On that same day, Mr. [Sean] Moss received a letter saying that he would receive his full salary from the period April 30 to May 11.

The NIB chairman said when the Board questioned Mrs. King as to why she would have suspended an employee who came to her to complain of victimisation, she said that she her response as appropriate.

“Added to everything else, NIB engaged the services of the law firm of Bostwick & Bostwick to represent Mr. Cargill at the cost of $7,500 in NIB funds. When questioned about this, both Director Cargill and Mrs. King responded that that engagement was not in respect of the divorce proceedings but in respect of Mr. Moss’ allegation of victimisation. The view of the Board that the divorce proceeding and the charge of victimisation were one and the same thing were not shared by Mr. Cargill or Mrs. King,” Mr. Moss wrote.

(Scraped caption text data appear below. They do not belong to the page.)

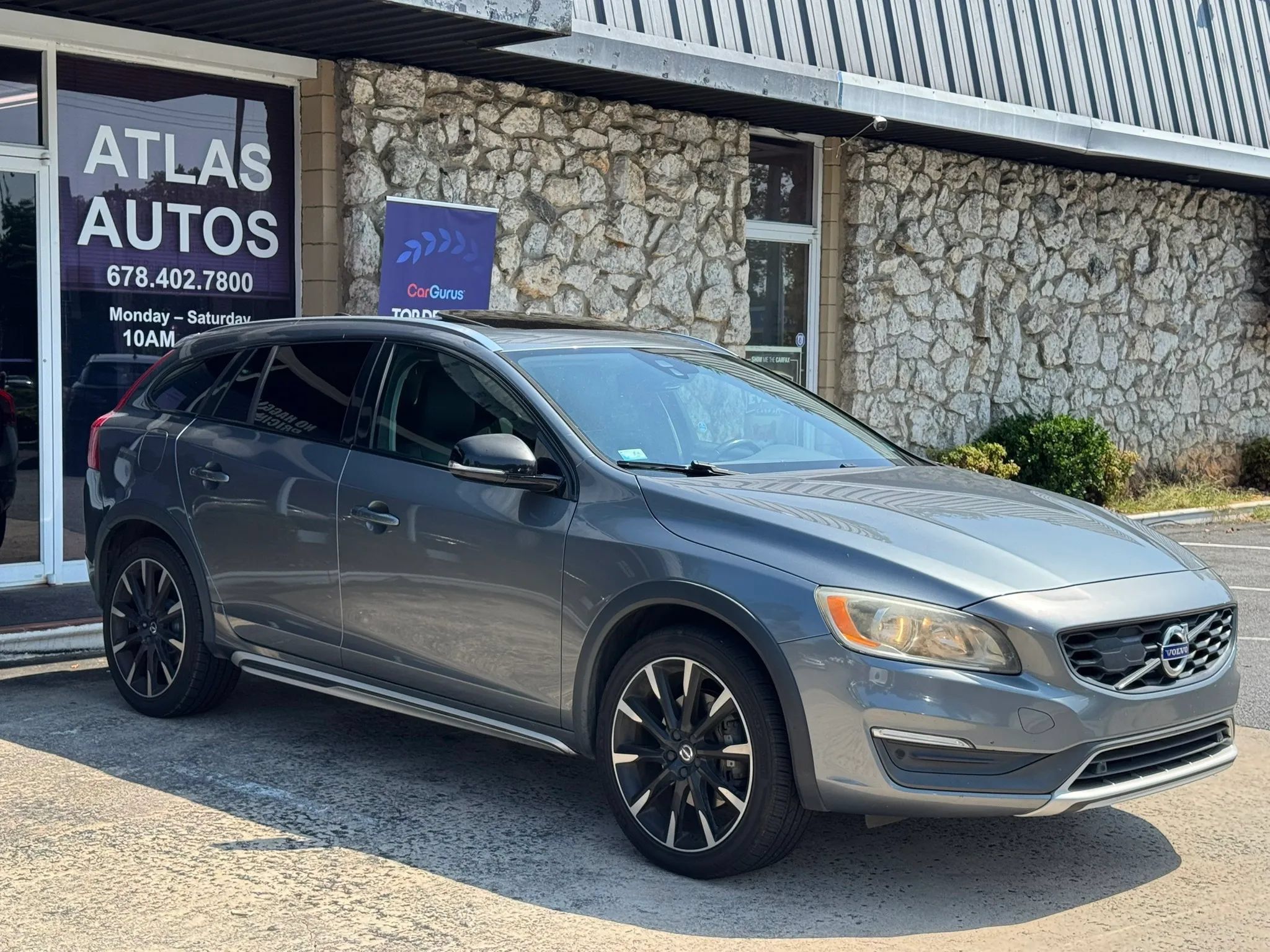 Used 2016 Volvo V60 T5 Cross Country w/ Convenience Package AWD/4WD image 9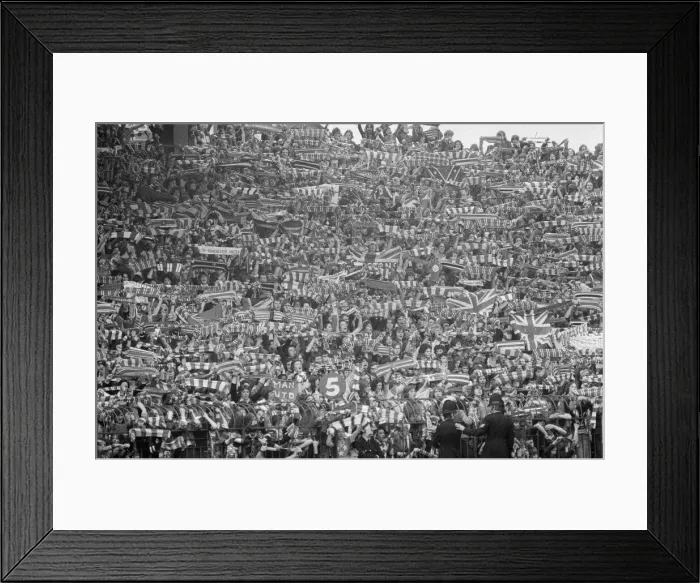Framed Print : Manchester United 4-0 Blackpool, Division Two League match at Old Trafford, Manchester Framed Print : Manchester United 4-0 Blackpool, Division Two League match at Old Trafford, Manchester
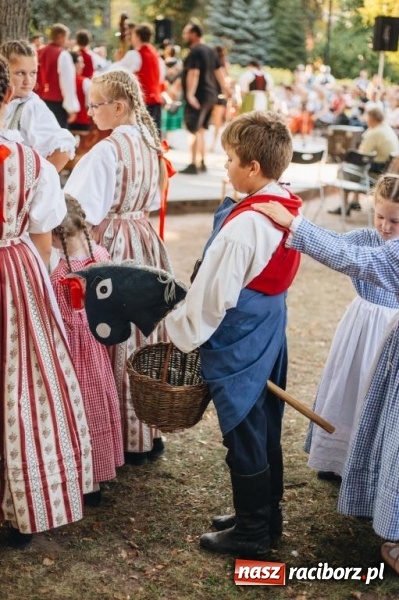 Zdjęcie w galerii na portalu naszraciborz.pl: Roztańczone lato ZPiT Strzecha im. Joli Rymszy wiadomości z regionu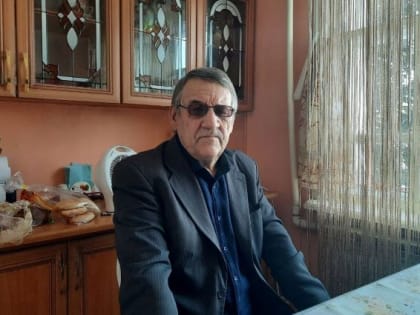 В Бурятии живущий отшельником драматург отмечает 75-летний юбилей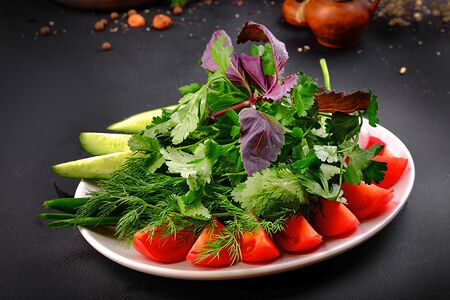 Свежие овощи с зеленью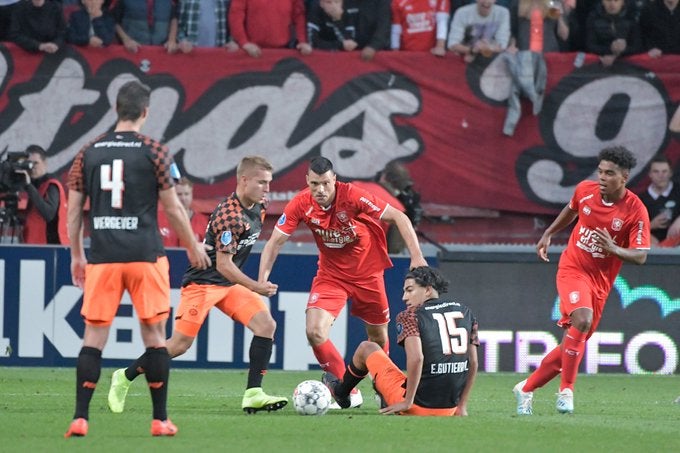 Jugadores del Twente durante el partido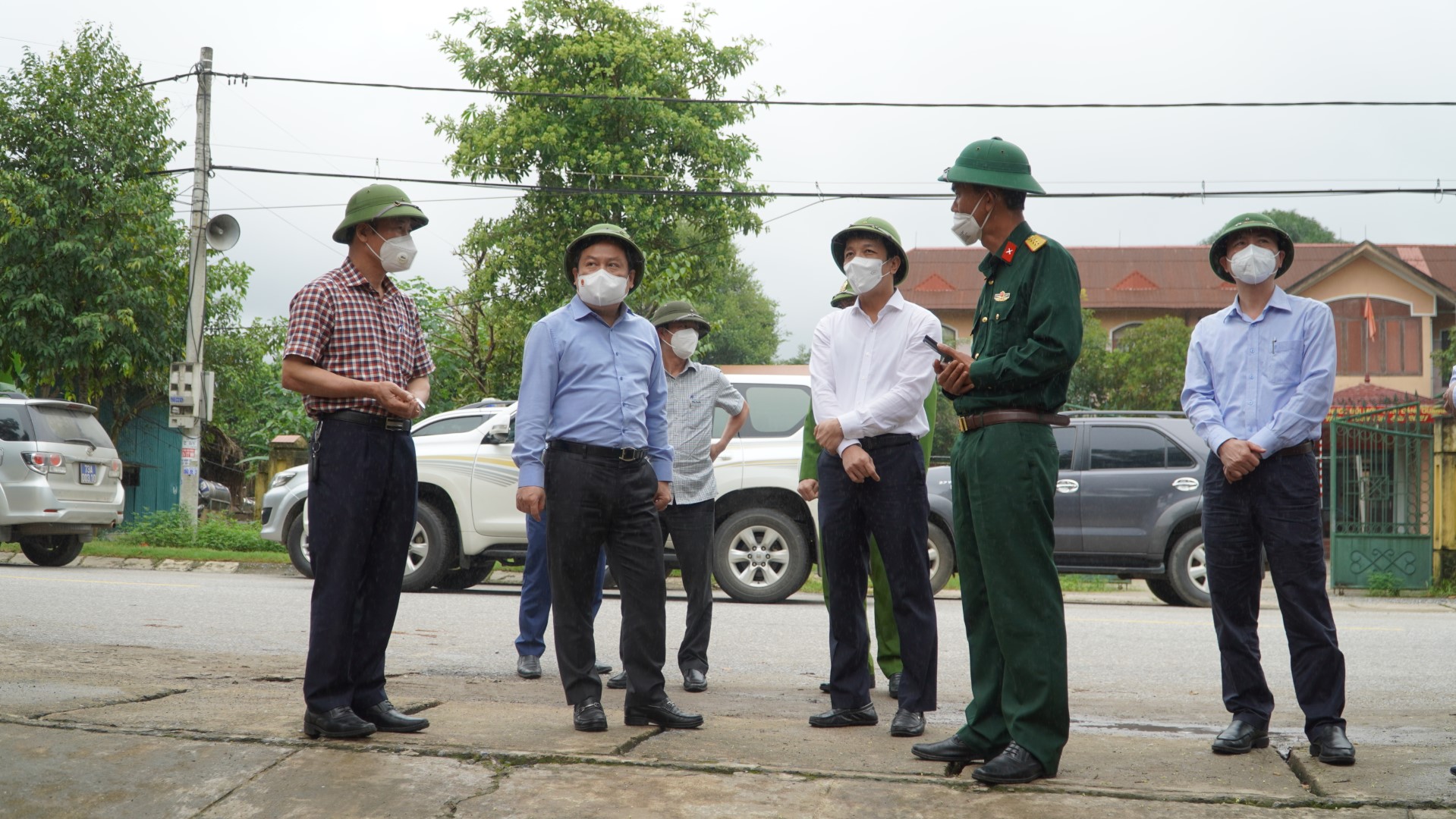 Đồng chí Bí thư Tỉnh ủy kiểm tra công tác phòng chống dịch tại khu cách ly huyện Tuyên Hóa Large
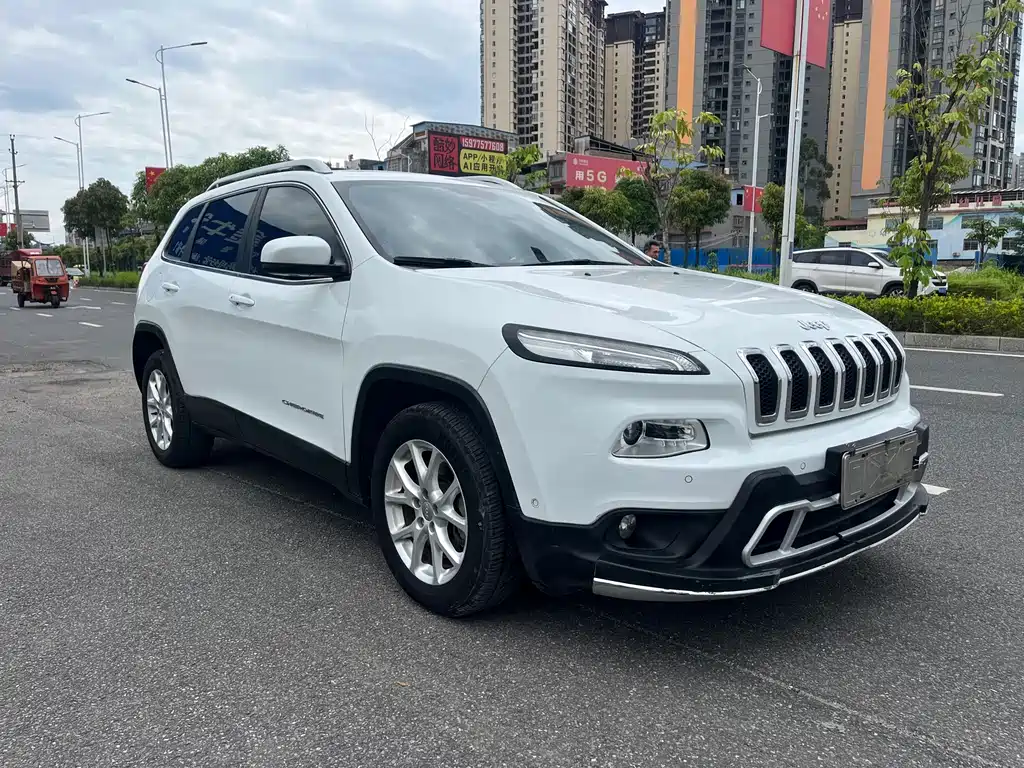 Jeep Cherokee 2.0L Superior Edition, фото 2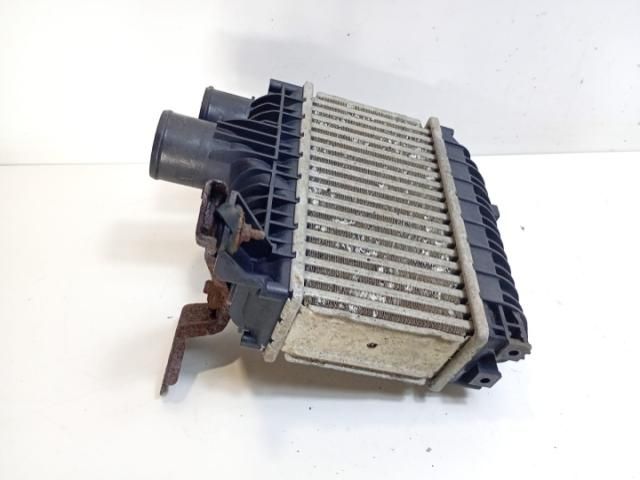 bontott TOYOTA AVENSIS T25 Vízhűtő Radiátor Tartó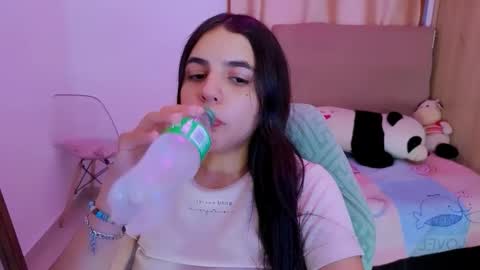 agnes online show from 04/16/26, 06:41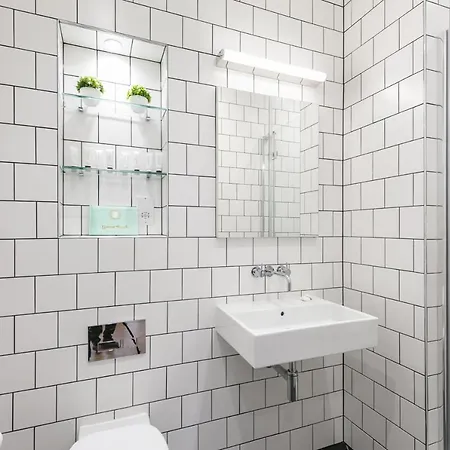 Urban Chic - Shaftesbury *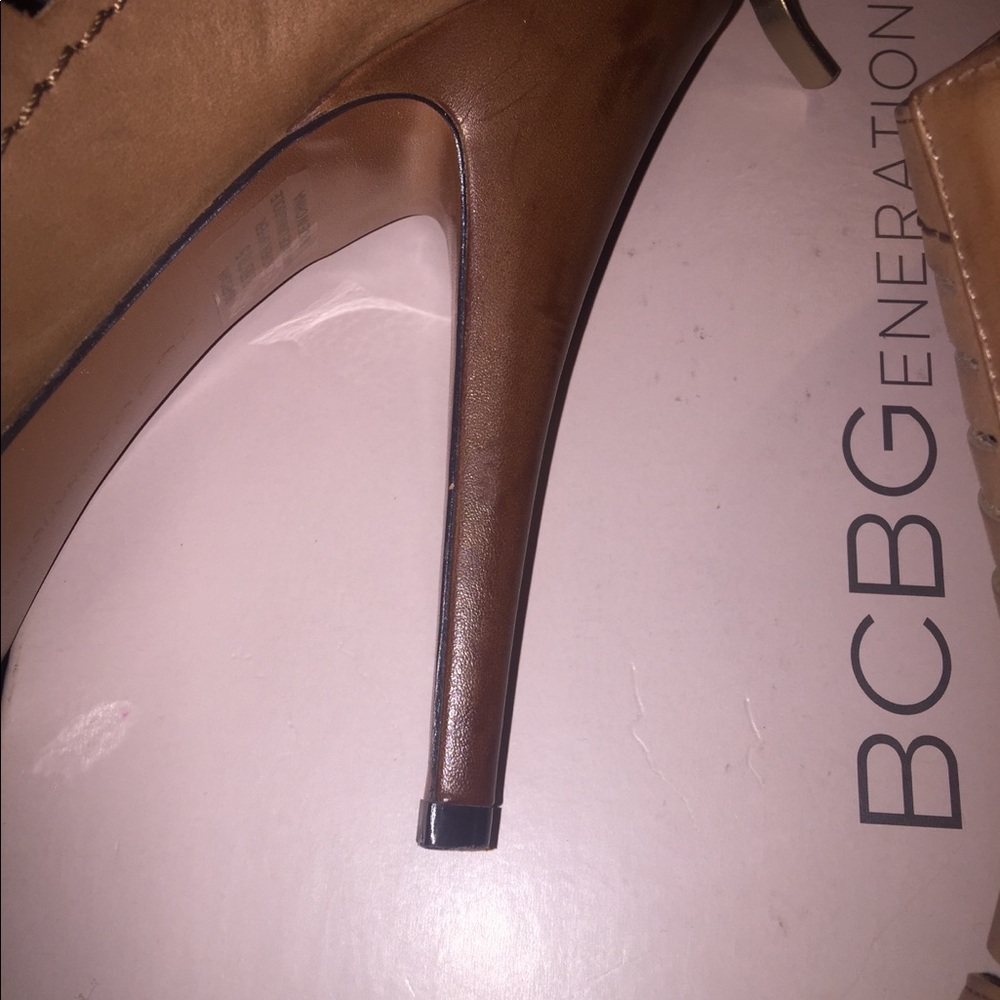 Amazing Shoes!! - Picture 4 of 7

“In my opinion, although no conclusion has yet been reached by the Board on this specific matter, this matter represents a rancid abuse of power by various executives of NIB including Director Cargill and amounts to gross misconduct on their parts.”

The Journal has tried repeatedly to reach Mr. Cargill for a comment but those calls were not returned up to press time.